AWS Setup for Neuron Tests¶

To run pytest -m neuron against real Trainium hardware, we use a local workflow:

Provision a Trainium EC2 instance with Terraform (stays stopped when not testing)
Run the test script locally from your machine, using AWS_PROFILE=aws
The script starts the instance, runs pytest via SSM, prints output, stops the instance

GitHub Actions does not touch AWS. All AWS interaction is human-initiated.

One-time setup¶

1. Provision the CI instance¶

Two separate Terraform roots, one per hardware family:

Hardware	Terraform root	Default region	Instance
Trainium1	`infra/terraform/`	`us-east-1`	`trn1.2xlarge`
Trainium2	`infra/terraform-trn2/`	`sa-east-1`	`trn2.3xlarge`

trn2 availability (as of 2026-04-16):

Instance type	Region	AZs
trn2.xlarge	—	not yet offered
trn2.3xlarge	sa-east-1	a, b, c
trn2.48xlarge	us-east-2	a, b, c

Trainium1 (trn1) — us-east-1:

cd infra/terraform
AWS_PROFILE=aws terraform init
AWS_PROFILE=aws terraform apply \
  -var="vpc_id=vpc-xxxxxx" \
  -var="subnet_id=subnet-xxxxxx"

Trainium2 (trn2) — sa-east-1:

cd infra/terraform-trn2
AWS_PROFILE=aws terraform init
AWS_PROFILE=aws terraform apply

The trn2 root is self-contained — it creates its own VPC, public subnet, internet gateway, and route table in sa-east-1. No vpc_id or subnet_id variables required.

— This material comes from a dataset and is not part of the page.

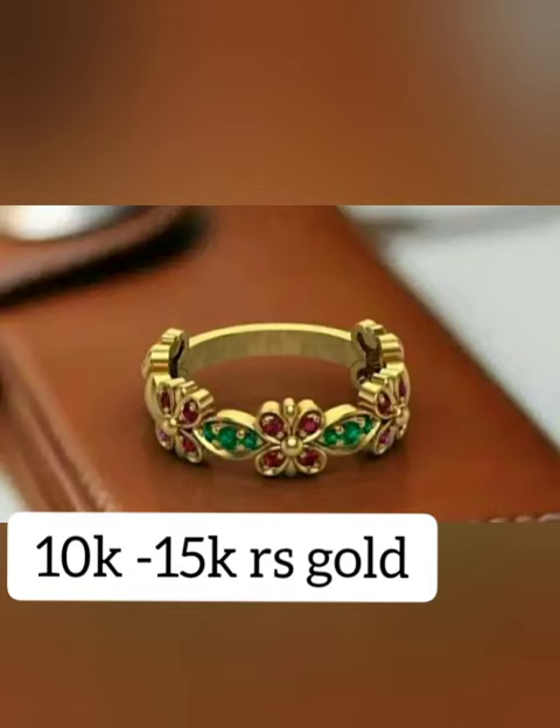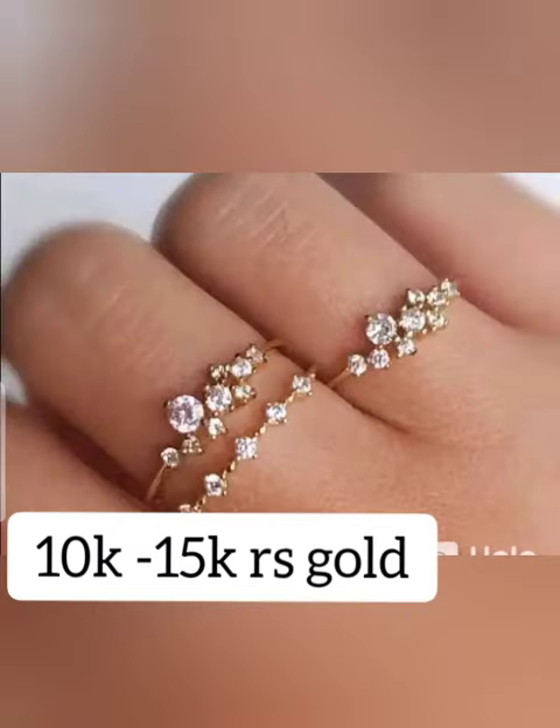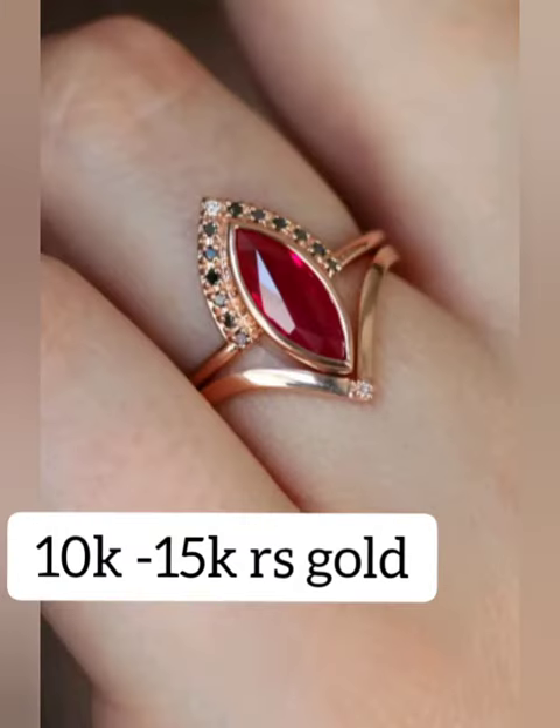Hi friends, welcome back to my channel. It is going to be the latest gold collection and we are designing very well. It ranges from 10,000 to 15,000. We have to make 3 or 4 grams — we have to make it perfect.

If apply fails with InsufficientInstanceCapacity, the default AZ is sa-east-1a. Retry with a different AZ:

AWS_PROFILE=aws terraform apply -var="az_suffix=b"   # or az_suffix=c

User-data takes ~5 minutes to install the Neuron SDK and clone trnblas.

Stop the instance once ready:

# trn1
cd infra/terraform
AWS_PROFILE=aws aws ec2 stop-instances \
  --instance-ids $(AWS_PROFILE=aws terraform output -raw instance_id) \
  --region us-east-1

# trn2
cd infra/terraform-trn2
AWS_PROFILE=aws aws ec2 stop-instances \
  --instance-ids $(AWS_PROFILE=aws terraform output -raw instance_id) \
  --region $(AWS_PROFILE=aws terraform output -raw aws_region)

Running neuron tests¶

# trn1 (us-east-1, default)
AWS_PROFILE=aws ./scripts/run_neuron_tests.sh

# trn2 (sa-east-1, auto-detected from instance type)
AWS_PROFILE=aws ./scripts/run_neuron_tests.sh trn2

# Override region explicitly if needed
AWS_REGION=us-east-2 AWS_PROFILE=aws ./scripts/run_neuron_tests.sh trn2

The script resolves the default region from the instance type argument: trn2* → sa-east-1, everything else → us-east-1. AWS_REGION overrides.

The script will:

Look up the tagged instance (Name=trnblas-ci-trn1 by default, Name=trnblas-ci-trn2 for trn2)
Start it if stopped; wait for SSM agent
Send the pytest command over SSM
Print stdout/stderr
Stop the instance in a trap (even if pytest fails or you Ctrl-C)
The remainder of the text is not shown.